Table 3 Comparison between algorithms based on RMSE and AAPRE using 10fold cross validation.

It is noted that ANFIS-WO gives the best performance predicted values for Phosphoryl creates group concentrations represented in Serine-glycine and Cysteine, Serine is the first amino acid in this family to be produced; it is then modified to produce both glycine and cysteine. In Figures S6S10 (Figures S21S25), the proposed algorithm shows the clear variation in the serine and glycine as well as tyrosine (Figure S4 and Figure S19) (as polar amino acids) concentrations at different times over the year which matched with the actual higher concentration values at 27–29 °C and lower concentration values at 12° C, but in Figures S12 and S27, although cysteine biosynthesis derived from serine amino acids, their concentration variation is not clear as serine. This may be due to down regulation of genes required for the synthesis of cysteine which is coded on the cys regulon. Cys regulon can actually down regulate its own transcription by binding to its own DNA sequence and blocking the RNA polymerase. In this case, N-acetyl-serine which is an effective inducer of this regulon act to disallow the binding of regulon to its own DNA sequence35.

In Figures SS13SS15 and SS28SS30, ANFIS-WO present the best-predicted value performance for basic amino acids (arginine and histidine) which possesses similar chemical property. Biosynthesis prediction of these amino acids via their concentration is so vital to give clear understand the biological dynamics of amino acids in the fish and consequently their products including protein hydrolysates.

From all previous figures we can conclude that the standard deviation, MSE and RMSE has small values for all amino- acids concentration, where the predictions are the closer to the actual data.

Conclusion and Future work

The Prediction algorithms enhance the practical properties of fish products that have an extraordinary therapeutic and industrial roles throughout our life. In this way, we assessed the concentration levels of bioactive amino acids in protein hydrolysates extracted biotechnologically from tilapia fish product with every settled parameter aside from the water temperature, planning to optimize their concentration and their interactions with each other. In addition, it is entirely costly and time-consuming to know these concentrations by the real experimental tests, especially to conduct a large-scale project. In this paper, we have introduced a new intelligent algorithm for predict the amino acids concentration. The proposed algorithm is the ANFIS based whale optimization algorithm, in which the whale is used to improve the performance of ANFIS. The results indicate that the higher performance of ANFIS-WO algorithm when compared with other algorithms in terms of RMSE and AAPRE.

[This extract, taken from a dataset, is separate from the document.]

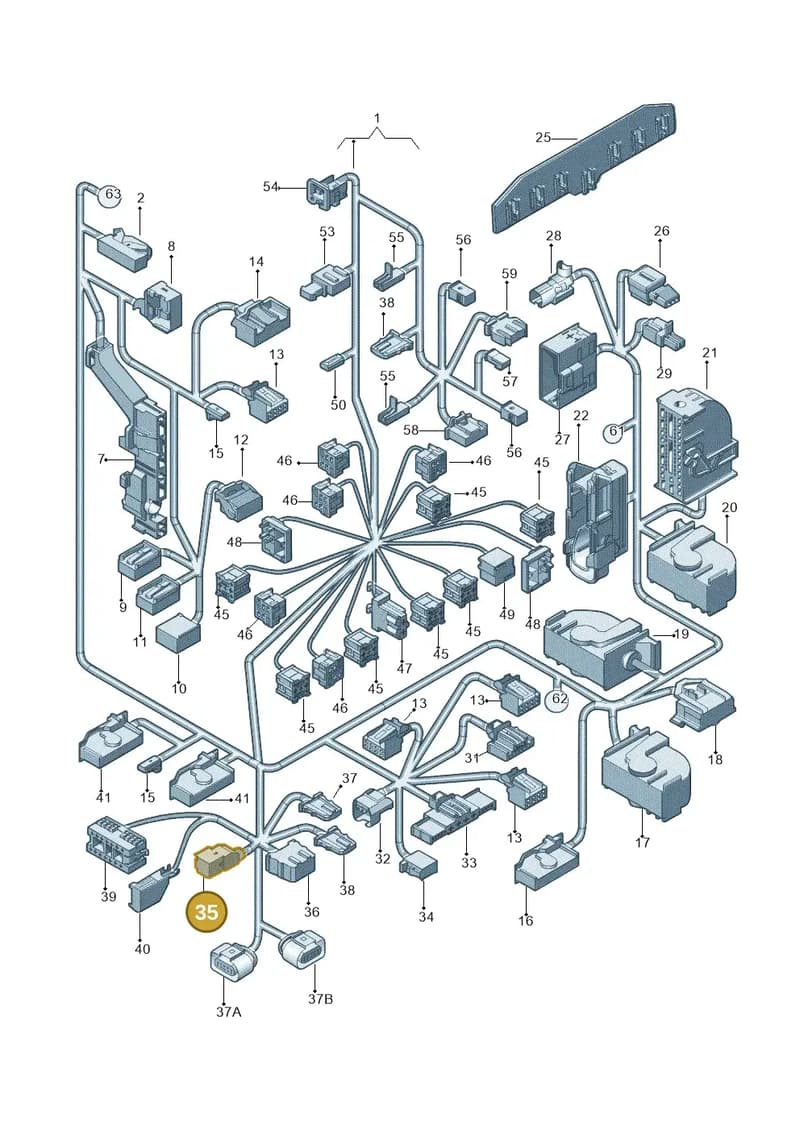 3C0972133 — Volkswagen Jetta (2013-2014) diagram 775971830, position 35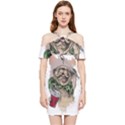 Pug Lover Coffee Shoulder Frill Bodycon Summer Dress View1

For future work, further investigations are required to identify the behavior of the proposed algorithm in different applications such as water quality and other food applications. According to the potential of the proposed method, it can be applied to, other related problems such as DNA-binding protein prediction36, detection of tubule boundary37, methylation site prediction37, 38, phosphorylation site prediction39, and protein-protein interaction prediction40, 41. Moreover, since user-friendly and publicly accessible web-servers represent the future direction for developing practically more useful models42,43,44,45,46, we shall make efforts in our future work to provide a web-server for the method presented in this paper.